At the most abstract level, viruses work by getting into your cells and taking over (much popular science writing uses the term “hijacking”) this cellular machinery of transcription and translation; instead of making the macromolecules needed for whatever cellular function, though, the virus directs the machinery to just make more and more copies of itself. Those copies then bust out of the cell and find other host cells to infect, repeating the process over and over again. Viruses have genetic material, but little else – they are generally just some DNA or RNA wrapped up in a rudimentary membrane, as in this image:
A couple of components to notice here. The first are the hemagglutinin (HA) and neuraminidase (NA) molecules on the membrane in the diagram.

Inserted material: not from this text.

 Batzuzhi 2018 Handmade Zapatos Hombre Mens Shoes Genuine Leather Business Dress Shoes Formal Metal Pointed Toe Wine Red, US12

These are what the H and N nomenclature system refers to. In his 2005 book on avian flu, Mike Davis describes them thus: “if HA is the burglar, NA is the escape artist.” (p. 18) HA gets the influenza virus in to the host cell, NA gets it out. Note also the “RNA polymerase” components. RNA polymerase is the enzyme that effects the replication of influenza’s RNA genome. Humans have an analogue – DNA polymerase – that replicates our DNA genome when, for example, a cell divides. The thing to note here is that RNA polymerase is extremely error-prone. DNA polymerase has high copying fidelity, and makes few errors; if RNA polymerase were a typist (again borrowing a metaphor from Mike Davis), it would make a typo every couple of lines. This is important for evolutionary change of the influenza genome/influenza virus. Random mutations – errors in copying – provide the variation that natural selection works on. Combine this with how extremely short a viral “generation” is compared to a human one, and it’s not surprising that influenza viruses can evolve extremely quickly.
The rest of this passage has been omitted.